Output every entry exactly as written, skipping any pictures.

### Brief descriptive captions

################

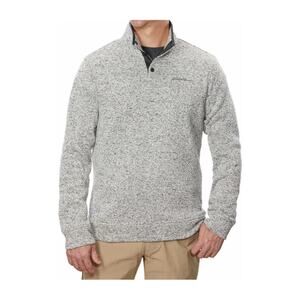EDDIE BAUER Heavyweight Radiator Fleece Quarter Snap Pullover Size Medium
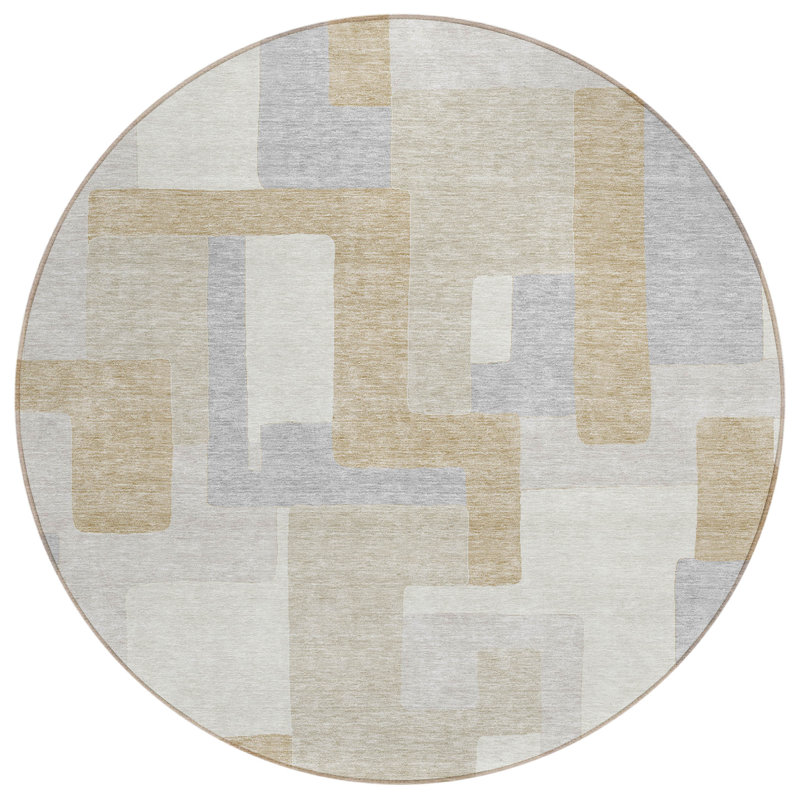  Chayden Non-Slip Indoor / Outdoor Area Rug, Round 8'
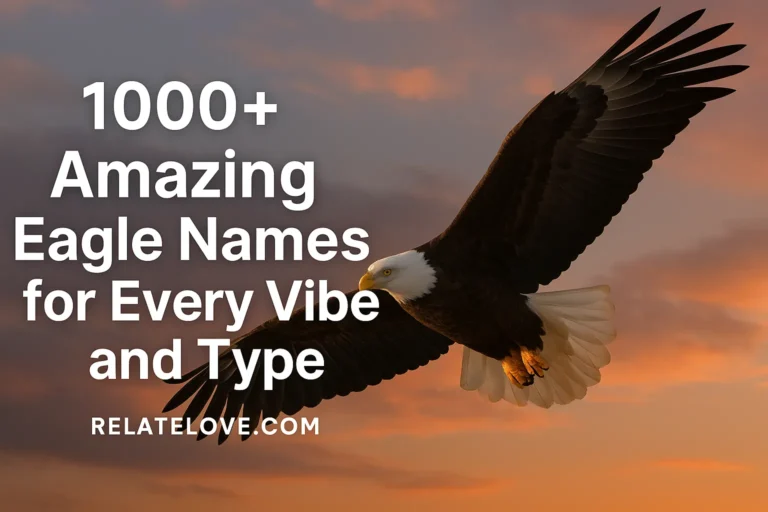 1000+ Amazing Eagle Names for Every Vibe and Type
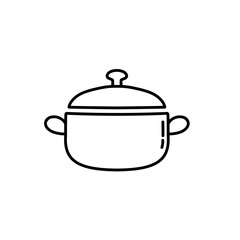 pan kitchen tool line icon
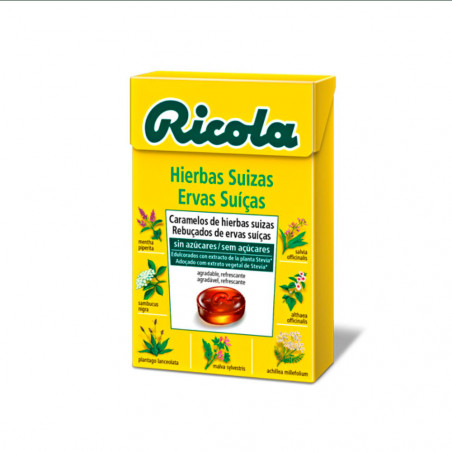 Ricola Caramelo Sin Azúcar de Hierbas Suizas 50 g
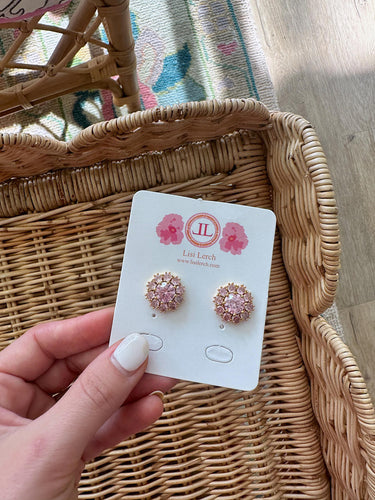 Lisi Lerch Amy Earrings - Rhinestone Stud - Amy Littleson Collection  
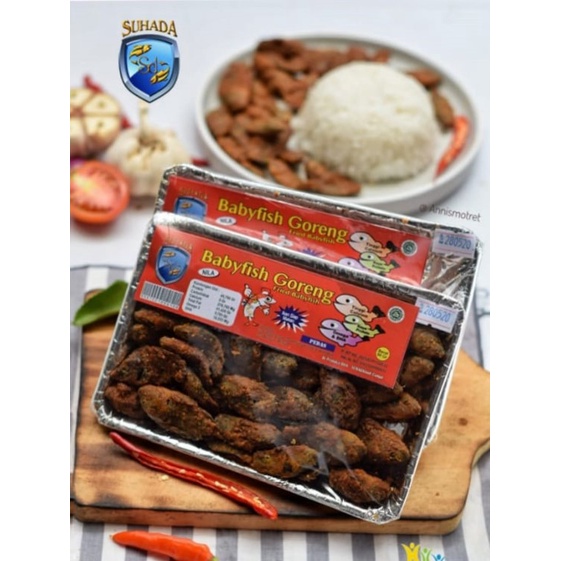 

Babyfish Crispy / Ikan Nila Crispy Balado Lezat Bergizi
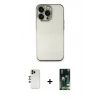MARSİLYAN™- iPhone 13 Pro Max Kılıf Vadi Minimal - Şeffaf 360 Full Body Arka Koruyucu + Shine Kamera Lens - GD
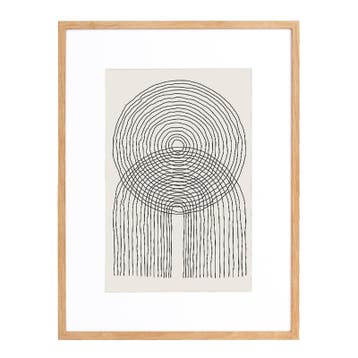 Vintlux Fotolijst Vesterby Ultra Thin - Eiken Ongelakt 40x4, Nieuw
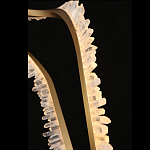 Подвесной светильник с декоративными элементами в виде кристаллов Smooth Shine варинант исполнения - 4 | Loft Concept в Новосибирске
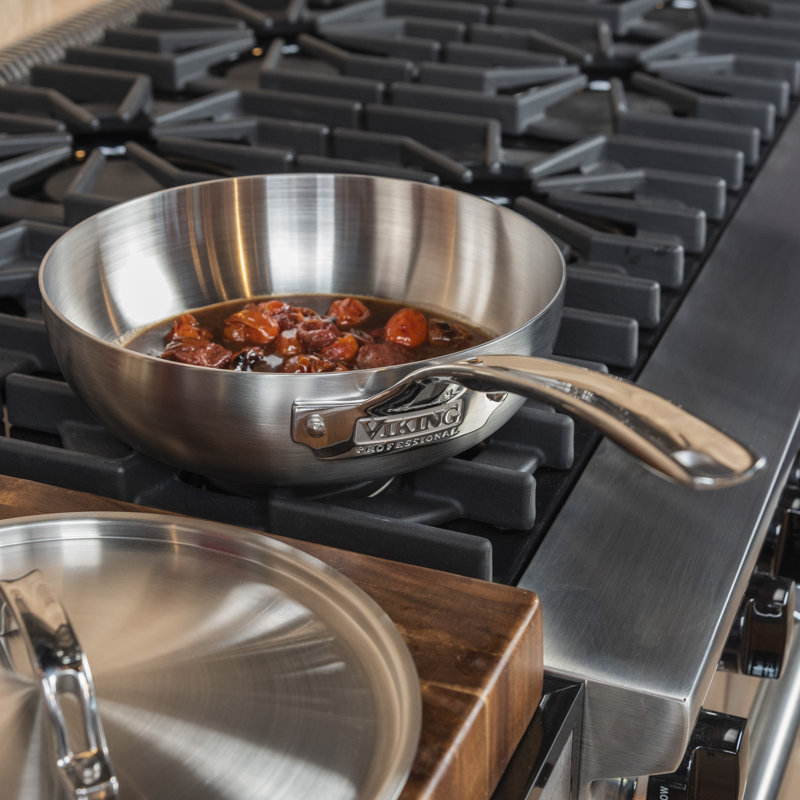 Viking Professional 5-Ply 3-Quart Saucier with Lid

################

### RESULT BELOW
EDDIE BAUER Heavyweight Radiator Fleece Quarter Snap Pullover Size Medium
  Chayden Non-Slip Indoor / Outdoor Area Rug, Round 8'
 1000+ Amazing Eagle Names for Every Vibe and Type
 pan kitchen tool line icon
 Ricola Caramelo Sin Azúcar de Hierbas Suizas 50 g
 Lisi Lerch Amy Earrings - Rhinestone Stud - Amy Littleson Collection  

Babyfish Crispy / Ikan Nila Crispy Balado Lezat Bergizi
MARSİLYAN™- iPhone 13 Pro Max Kılıf Vadi Minimal - Şeffaf 360 Full Body Arka Koruyucu + Shine Kamera Lens - GD
 Vintlux Fotolijst Vesterby Ultra Thin - Eiken Ongelakt 40x4, Nieuw
 Подвесной светильник с декоративными элементами в виде кристаллов Smooth Shine варинант исполнения - 4 | Loft Concept в Новосибирске
 Viking Professional 5-Ply 3-Quart Saucier with Lid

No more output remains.